Il giorno seguente, 16 febbraio, Sonam Tempa, fratello di Lobsang, assieme ad altri 14 tibetani ha dato vita ad una seconda manifestazione di protesta. Al grido di “Liberate Lobsang Lhundup”, “Lunga vita al Dalai Lama”, e “Non celebrate il Losar”, il gruppo ha percorso la strada che porta alla piazza del mercato. Sembra che Sonam portasse un grande ritratto del Dalai Lama. Come avvenuto il giorno precedente, numerosi tibetani (300 o 400, secondo fonti locali) si sono uniti alla protesta. Nuovamente caricati dalla polizia con bastoni e i calci dei fucili, sono stati selvaggiamente picchiati: molti presentavano ferite al volto, alla testa e alle braccia e perdevano sangue dal naso. Ventitré manifestanti sono stati arrestati e trasferiti al centro di detenzione di Tsaka, a sei chilometri da Lithang.
Il 17 febbraio le autorità governative hanno ordinato la chiusura di tutti i negozi e ristoranti di Lithang. Il traffico automobilistico tra Lithang e la vicina Bathang è stato bloccato. Forze di polizia hanno presidiato le strade del vicino villaggio di Kyemo dal quale si ritenevano provenire molti dei dimostranti. Fonti locali riferiscono che la polizia ha arrestato alcuni tibetani sospettati di aver partecipato alle manifestazioni perché i loro abiti erano macchiati di sangue. (Phayul/Free Tibet Campaign)
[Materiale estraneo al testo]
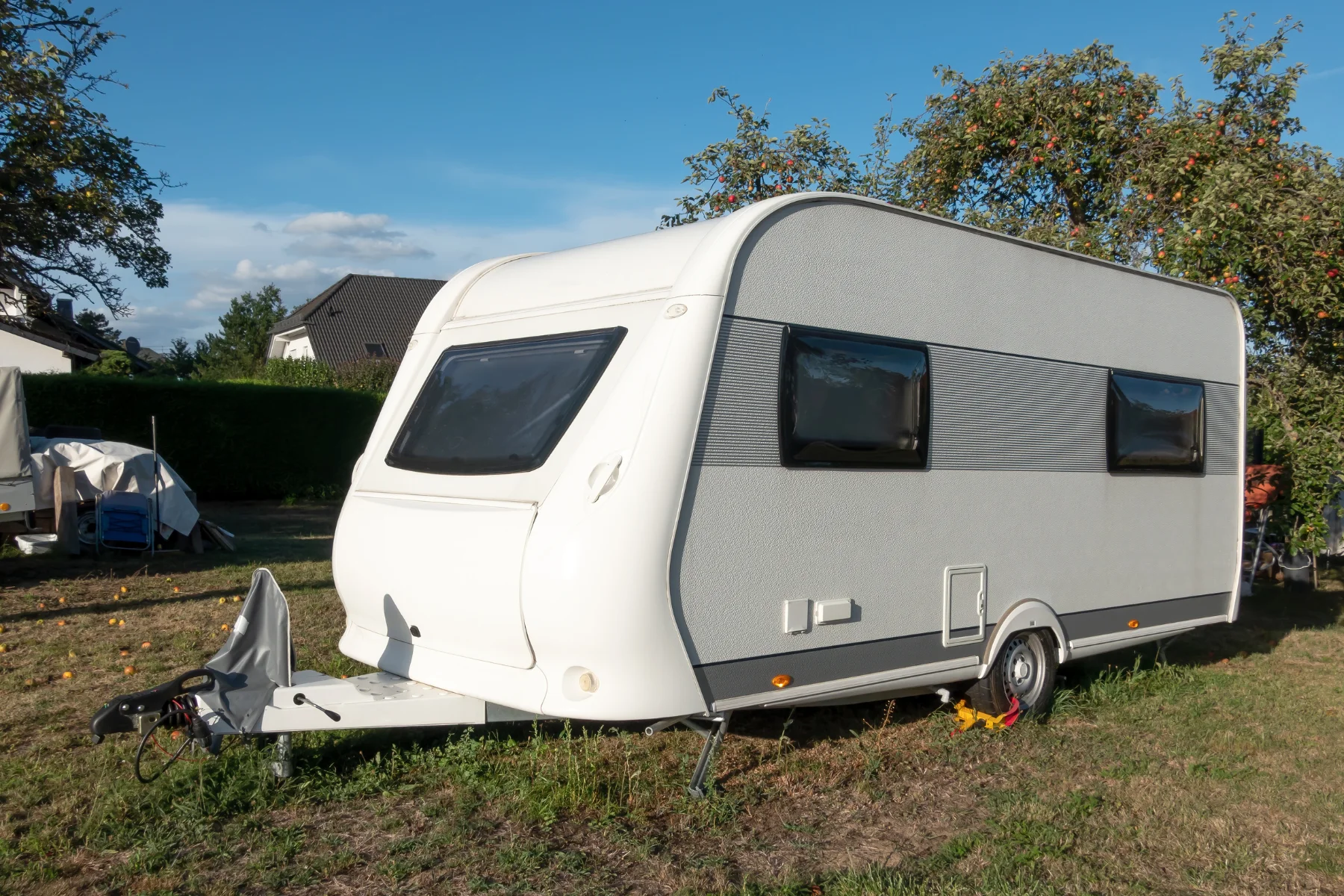 Caravan Detailing Geelong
Urgen Tenzin, direttore del Centro tibetano per i diritti umani e la democrazia (Tchrd), racconta ad AsiaNews che, secondo testimoni oculari, “tutti i dimostranti sono stati malmenati con brutalità e caricati a forza sopra camion della polizia. Molti erano feriti alle braccia e al capo e perdevano sangue dal naso… Non abbiamo notizie su dove siano e come stiano. Dopo le proteste, intorno a Lithang sono arrivati molti poliziotti”.
“I cinesi – spiega Tenzin – provocano i tibetani per farli reagire, forzandoli perché parlino male del Dalai Lama e attraverso la campagna di rieducazione patriottica… Invece, se davvero Pechino volesse risolvere la questione tibetana, dovrebbe cercare il dialogo e un accordo col Dalai Lama”.
In segno di protesta, molti gruppi che lottano per i diritti dei tibetani hanno detto che non festeggeranno l’imminente capodanno tibetano. Ritengono che ci sia “poco da fare festa” con la perdurante repressione cinese.
Il Tchrd denuncia che Lobsang e gli altri hanno soltanto “esercitato in modo pacifico la libertà di espressione e di pensiero” e teme che possano essere torturati.